## EXERCISE BRIEF
Output the listing word for word, minus images.

## DATA PROVIDED
* * * * * * *

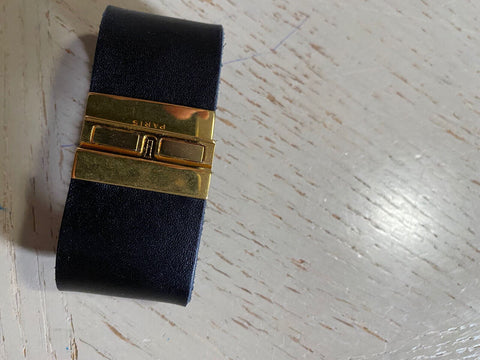 NWT  Saint Laurent Women Id Braselet In Smooth Leather and Metal Black Size M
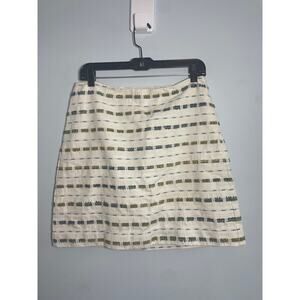 Loft size 8 straight midi skirt white with woven dash details, side zipper
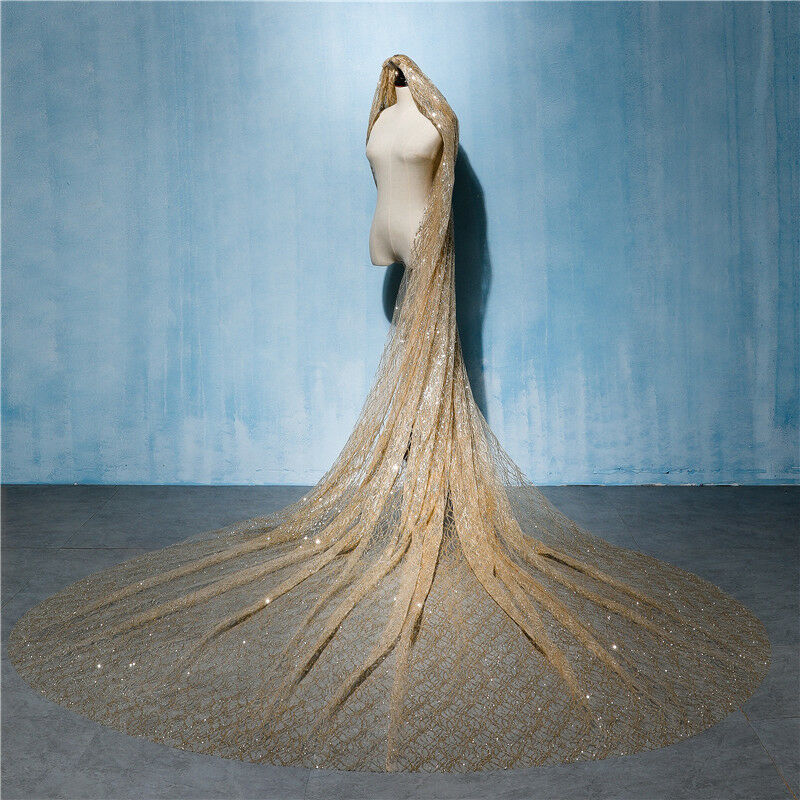 Gold 3 Meter Hochzeit Brautschleier Lange Braut Luxuriöser Kathedralenschleier Glitzer Glänzender Bling Bling Schleier Pailletten Zubehör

* * * * * * *

## WRITTEN RESPONSE
 NWT  Saint Laurent Women Id Braselet In Smooth Leather and Metal Black Size M
 Loft size 8 straight midi skirt white with woven dash details, side zipper
 Gold 3 Meter Hochzeit Brautschleier Lange Braut Luxuriöser Kathedralenschleier Glitzer Glänzender Bling Bling Schleier Pailletten Zubehör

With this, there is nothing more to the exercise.